By Greta McClain     Sep 4, 2014 in Sports
San Francisco - Before the NFL kicks off week 1 of the 2014 season, Commissioner Roger Goodell finds himself answering questions about the league's handling of domestic violence incidents instead of focusing on the upcoming season.
Sunday morning San Jose police responded to a domestic disturbance involving San Francisco 49ers defensive tackle, Ray McDonald, and his pregnant fiancee. Upon arrival, officers reportedly observed bruising on the victim's neck and arms. According to KRON, McDonald was arrested and booked on charges of felony domestic violence. He was later released after posting a $25,000 bond.
The incident sparked speculation into how the league and Goodall would respond to the incident.

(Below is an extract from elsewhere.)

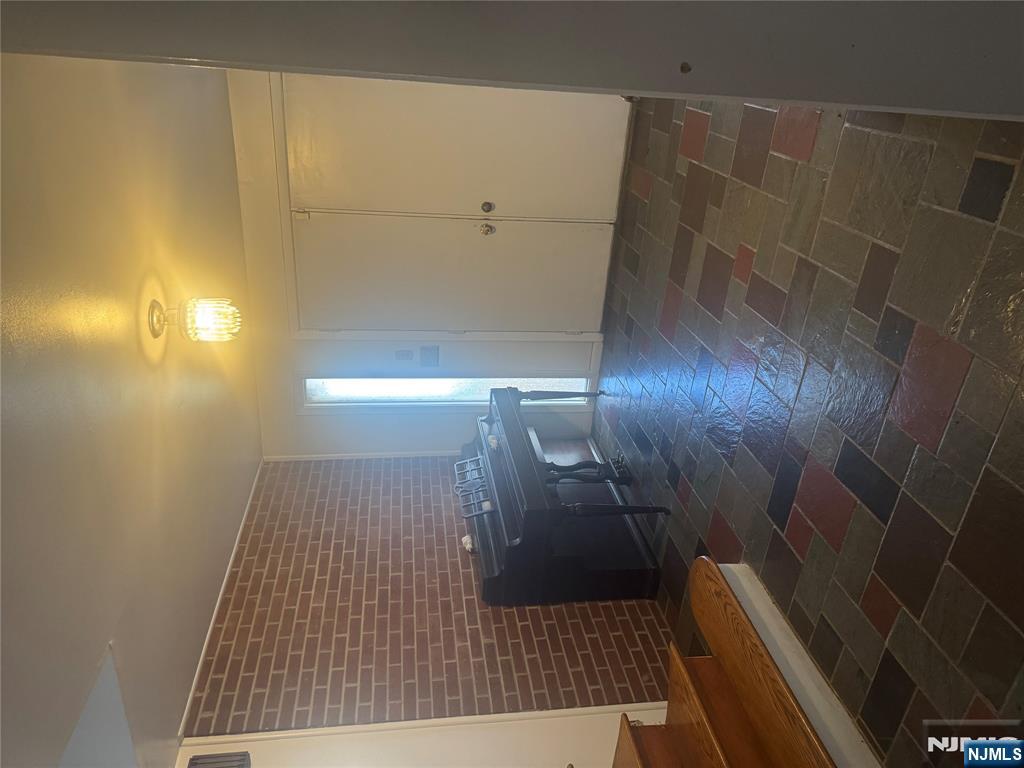 Homes for sale in Englewood, NJ | 72 Oak St, Englewood, NJ 07631 | MLS# 25039039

Last week the league announced harsher penalties for employees involved in assault, battery, domestic violence or sexual assault incidents. In a letter sent to team owners on August 29, 2014, Goodall said first-time offenders will receive a six-game suspension, and a second offense will result in a lifetime ban. Goodall went on to tell owners that consideration would be “given to mitigating factors” on a first offense, but a suspension of longer than six games also would be possible “when circumstances warrant.” A repeat offender who applies for reinstatement to the league after one year would be given “no presumption or assurance that the petition will be granted.”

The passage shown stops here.